■ Exercise details: Copy only the lines between the one containing "Underwood Manual Typewriter" and the end of the records, both included, leaving out pictures.

■ Records provided:
* * * *
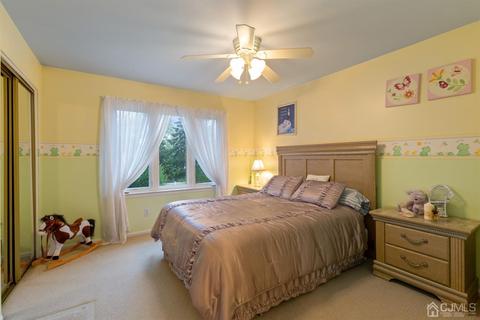 1 Bennington Dr, Edison, NJ 08820 photo 17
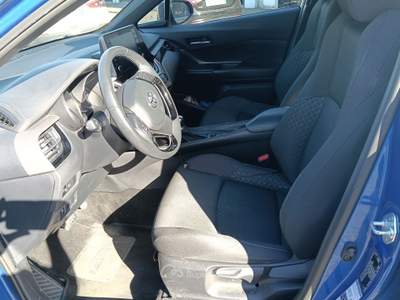 Toyota C-HR Toyota C-HR 1.8 HEV Business #10605 Blu/Azzurro usata Venaria Reale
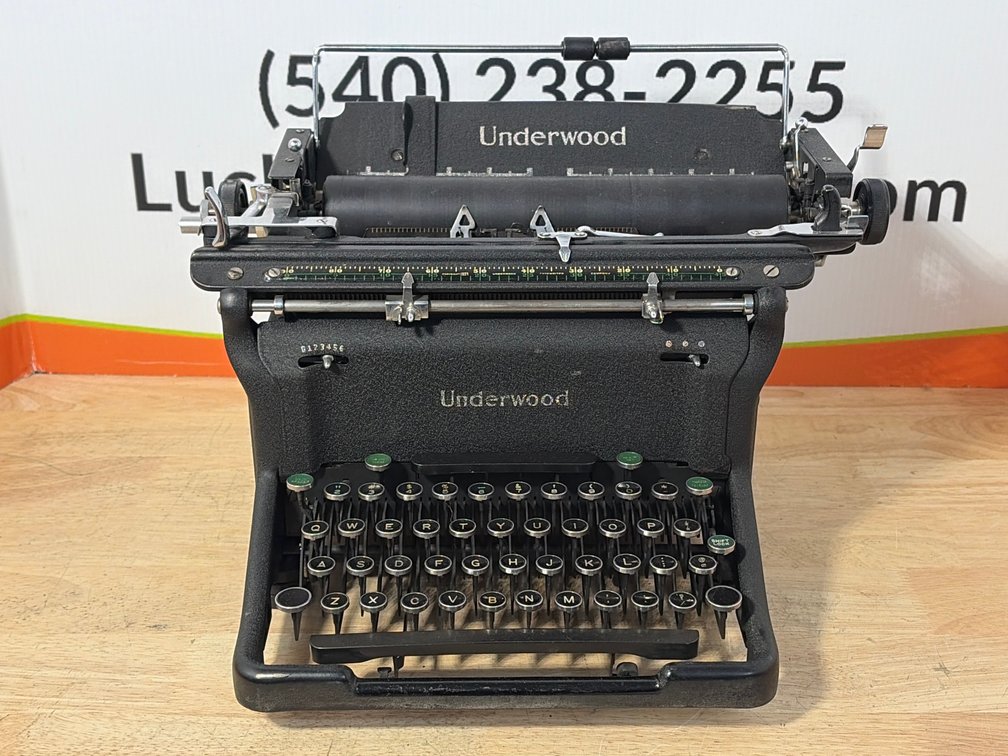 Underwood Manual Typewriter with Skeleton Key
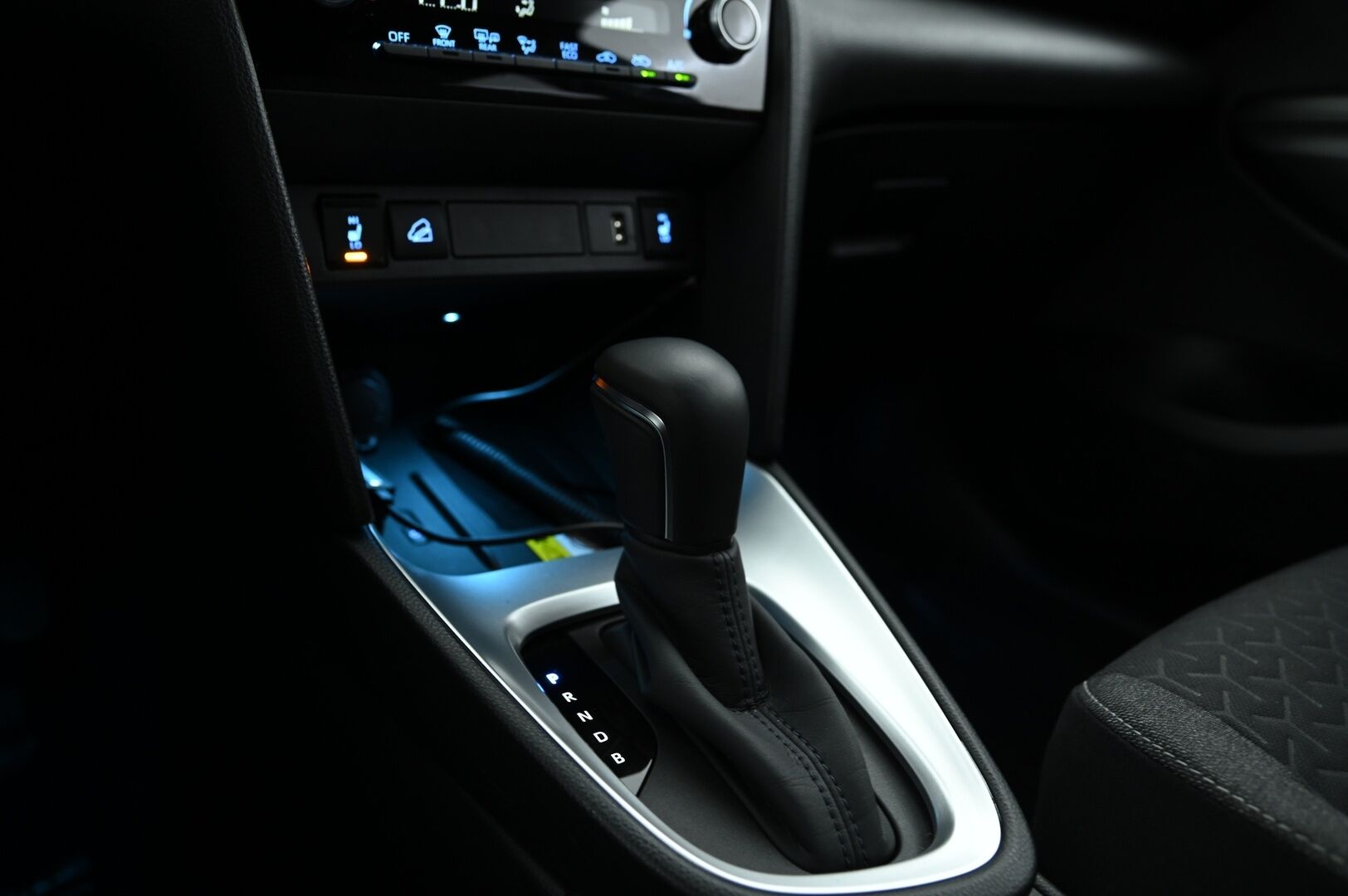 Toyota Yaris Cross 2023 1,5 Hybrid AWD-i Intense ACC / P.kamera / Blis / Navi / KeyLessGo / Lohko.S.Pistoke / S.luukku / Merkkihuollettu - 3,99 % KORKOTARJOUS TÄHÄN AUTOON - Joka maastoon sopiva / Lähes uusi / Upeat varusteet! 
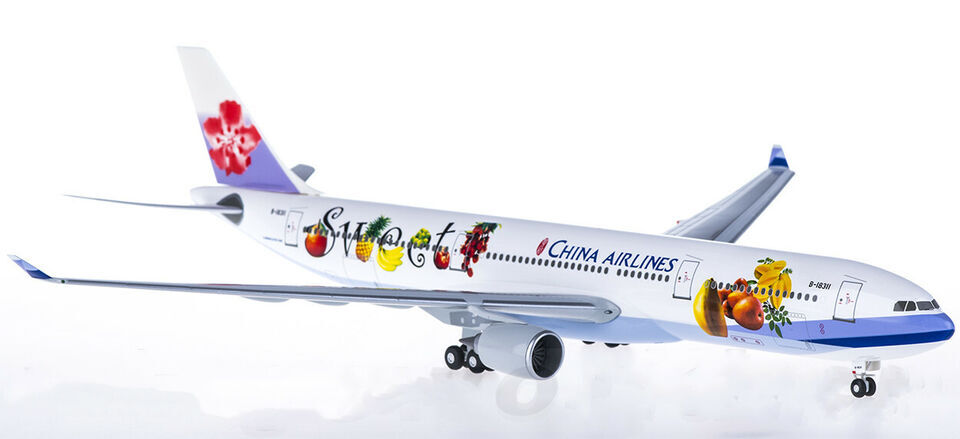 1:200 32CM Hogan CHINA AIRLINE AIRBUS A330-300 Passenger Plane ABS Plastic Model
* * * *
■ Task result:
 Underwood Manual Typewriter with Skeleton Key
 Toyota Yaris Cross 2023 1,5 Hybrid AWD-i Intense ACC / P.kamera / Blis / Navi / KeyLessGo / Lohko.S.Pistoke / S.luukku / Merkkihuollettu - 3,99 % KORKOTARJOUS TÄHÄN AUTOON - Joka maastoon sopiva / Lähes uusi / Upeat varusteet! 
 1:200 32CM Hogan CHINA AIRLINE AIRBUS A330-300 Passenger Plane ABS Plastic Model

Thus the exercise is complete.